Short-run gains for scalpers create long-run problems for theater
owners and performers.
This is different from the usual explanation that lower prices create desirable clientele effects. The piece also offers a good discussion of Eric Crampton and Trent Raznor as well. Hat tip goes to Felix Salmon.















It’s funny to see the article describe the possibility that we may see the emergence of a two-tiered pricing system when most venues literally have multiple tiers at varying prices.
The article tells why the artists might not like scalping,but the rest of it is poorly reasoned. The economics of scalping only hurt fans if the scalpers have a monopoly on the available tickets. That might have been the case in Beijing, but almost no other places.
There is a bit of economic insight in the article but it is mostly moralizing. Ticket sellers could not only “end scalping tomorrow” by printing names on tickets, they could “end scalping tommorow” and increase their take by selling raising prices until demand equals supply, but the author doesn’t mention that.
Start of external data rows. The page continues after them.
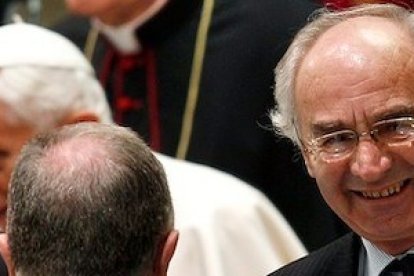 Ettore Gotti Tedeschi fue presidente del IOR entre 2009 y 2012.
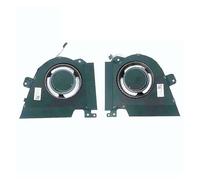 X psblty Compatible con ASUS, Compatible con ROG, 5 Zephyrus Duo 15 GX551 GX551SE GX551QS DC12V 1A 4pin, Ventilador De Refrigeración For CPU Portátil(CPU and gpu Fan)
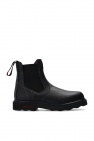 Marni BLACK Ankle boots with logo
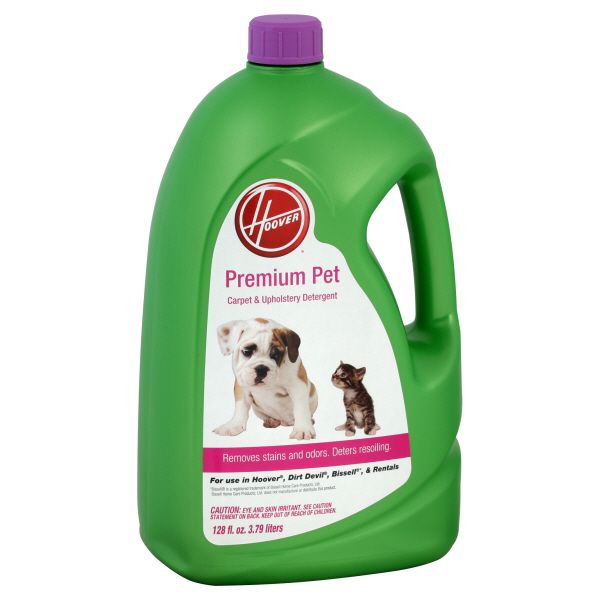 Hoover Carpet & Upholstery Detergent, Premium Pet, 128 fl oz (3.79 lt) at Kmart.com
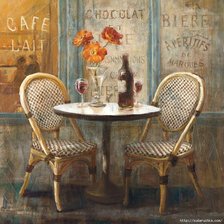 Схема вышивки «Кафешка»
The commenters sourcreamus and ben above also makes an important point. The venue orginally has monopoly pricing power and should raise prices so high that some seats remain empty. But the scalpers do not have monopoly pricing power, because there is more than one scalper in competition. In that scenario, the equilibrium price is the price at which all seats are filled. (Bill Gates, faced with the $150K price, could simply turn to the next scalper and say “will you beat that price”?)
Tyler, you’ve linked to this same post before! But it was very interesting, so thanks.
I wrote a reply to this on my blog at ticketeconomist.com
Gimein’s article oversimplifies the issue by failing to acknowledge that primary market ticket sellers (such as ticketmaster and Live Nation) have a great influence on the number of tickets that end up on the resale market and on resale price. Just look at how much Miley Cyrus tickets are going for on the resale market now that they have constrained supply so tightly with paperless tickets.
Scalpers do not like to tear up tickets, they are good at creating perceived shortages, but they will sell a ticket before loosing money on it.